Наша дверь вела не сразу в комнату, а сначала в узенький темный коридорчик. При всей его узости он еще был забит вешалками с пальто, какими‑то сундуками и хламом. Освещался коридорчик тусклой‑тусклой лампочкой, но до выключателя я не дотягивался, а окон в коридорчике, естественно, не было. Если удавалось проскочить коридорчик, то попадешь в комнату, из которой шла дверь в еще одну – мы по причине многочисленности имели две комнаты.

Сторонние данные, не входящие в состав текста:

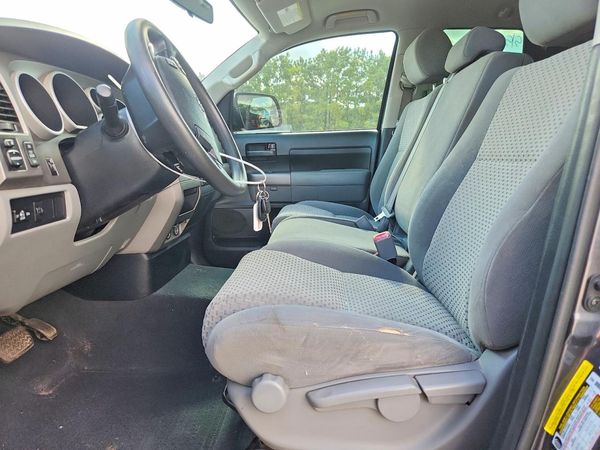 2013 TOYOTA TUNDRA SR5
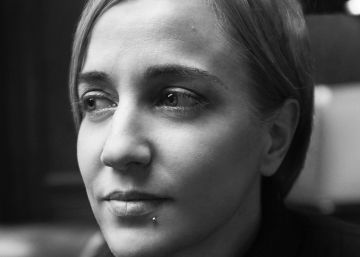 La aperreada vida a este lado del muro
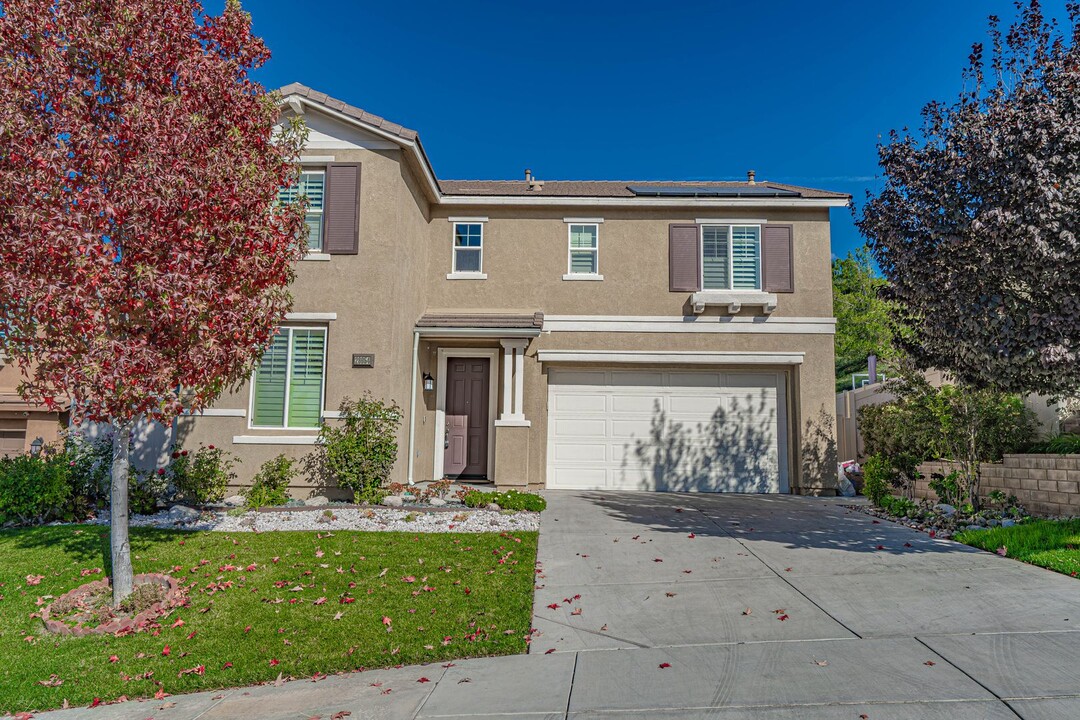 26954 Cherry Willow Dr in Santa Clarita, CA - Building Photo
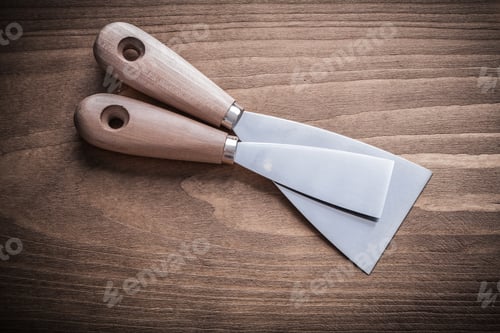 Preview: Two Steel Putty Spattles With Wooden Handles.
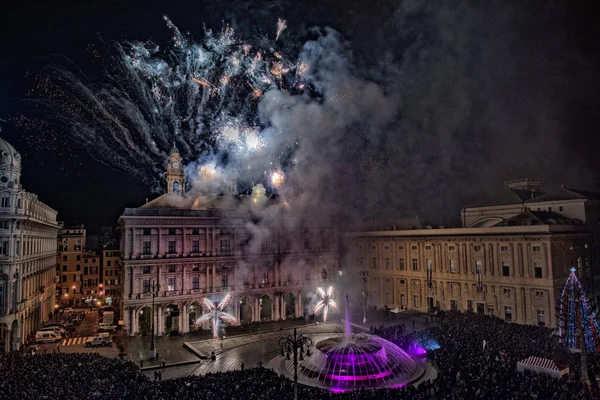 Genua Italien Frohe Weihnachten Und Frohes Neues Jahr Feuerwerk Auf — Stockfoto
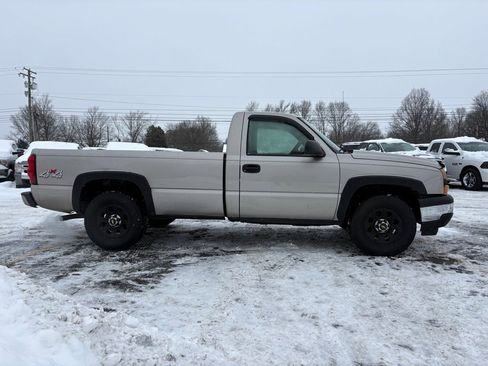 Used 2006 Chevrolet Silverado 1500 W/T image 5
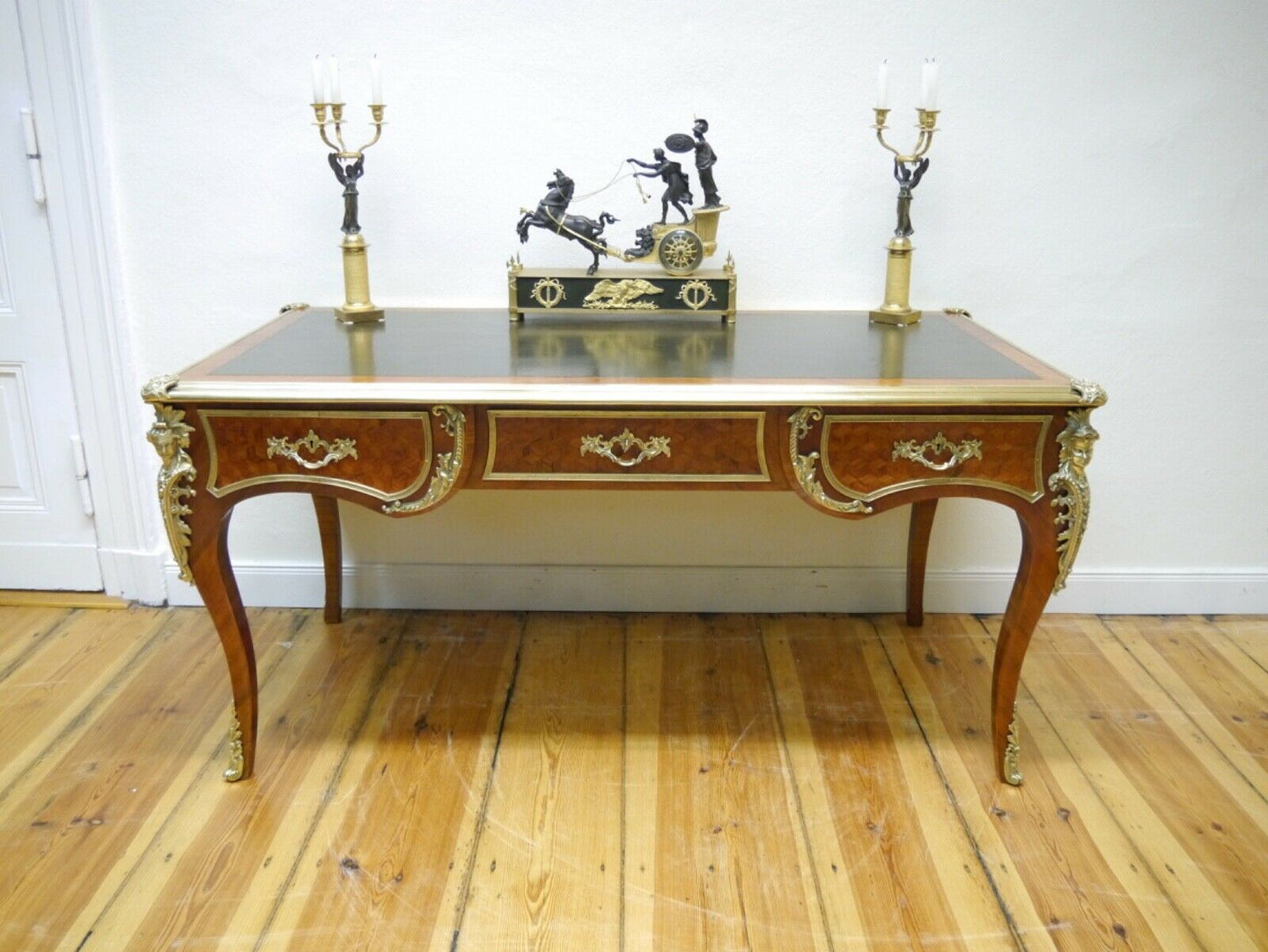 Bureau Plat Schreibtisch Sekretär  Figuren Bronze  Rosenholz 1900 restauriert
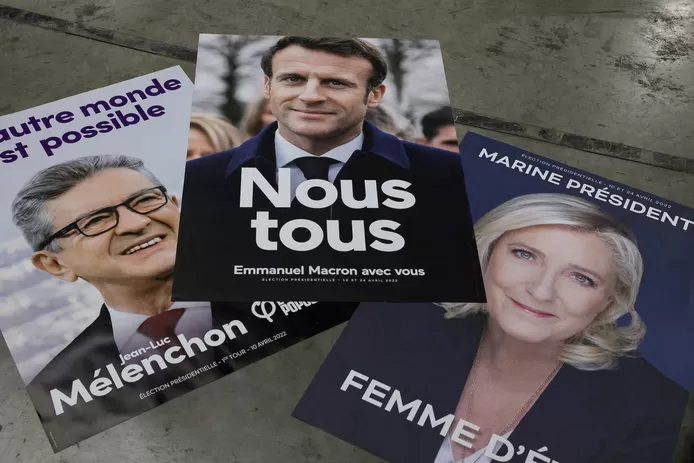 À cinq jours du premier tour de la présidentielle française, l’écart Macron/Le Pen se resserre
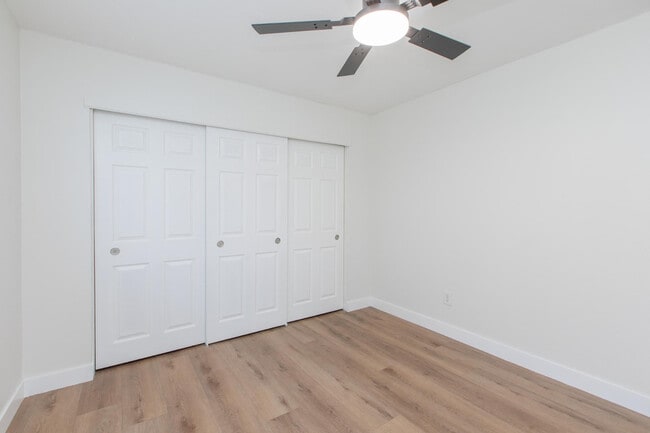 Building Photo - 2607 E Larkspur Dr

В двух комнатах жили: я, мои мама и папа, мамина сестра Галя и моя бабушка Маня. Жила еще, как правило, моя няня. Няня приглашалась не для роскоши – просто мама работала и училась, папа работал, тетя Галя училась, баба Маня работала, и оставлять меня днем было не с кем. Няни приезжали из деревни и время от времени сменяли друг друга. Сначала была тетя Маша Петухова, потом Катя Корнеева из деревни Шавторка Рязанской области, потом ее сестра Нина.

Как я сейчас понимаю, это был один из немногих способов молодой деревенской девушке попасть в город. Просто так паспорта в деревнях на руки не выдавали, для этого нужно было основание – временная прописка. А тут уже няня выходила замуж за какого‑нибудь солдата, и ее сменяла следующая.

В первой комнате располагались: диван с тяжелыми жесткими подушками и двумя валиками (я любил с ними бороться), черная рифленая печь до потолка, буфет с архитектурными излишествами – тогда других не было (хрущевская мода на «современное» еще не наступила). Потом – окно на Волхонку, потом – пианино «Красный Октябрь» в сером чехле и на нем – телевизор «КВН» с линзой. Вся квартира приходила к нам смотреть телевизор. Что показывали, было совершенно не важно, – сам факт какого‑то движения на экране являл из себя чудо и вызывал радостное изумление.

Еще посреди комнаты стоял старый дубовый стол со стульями. У стола были массивные квадратного сечения опоры, и я очень любил ходить под этот стол пешком – особенно когда приходили гости. Меня не было видно, а мне все было слышно; кроме того, я мог спокойно рассматривать всякие интересные ноги сидящих за столом.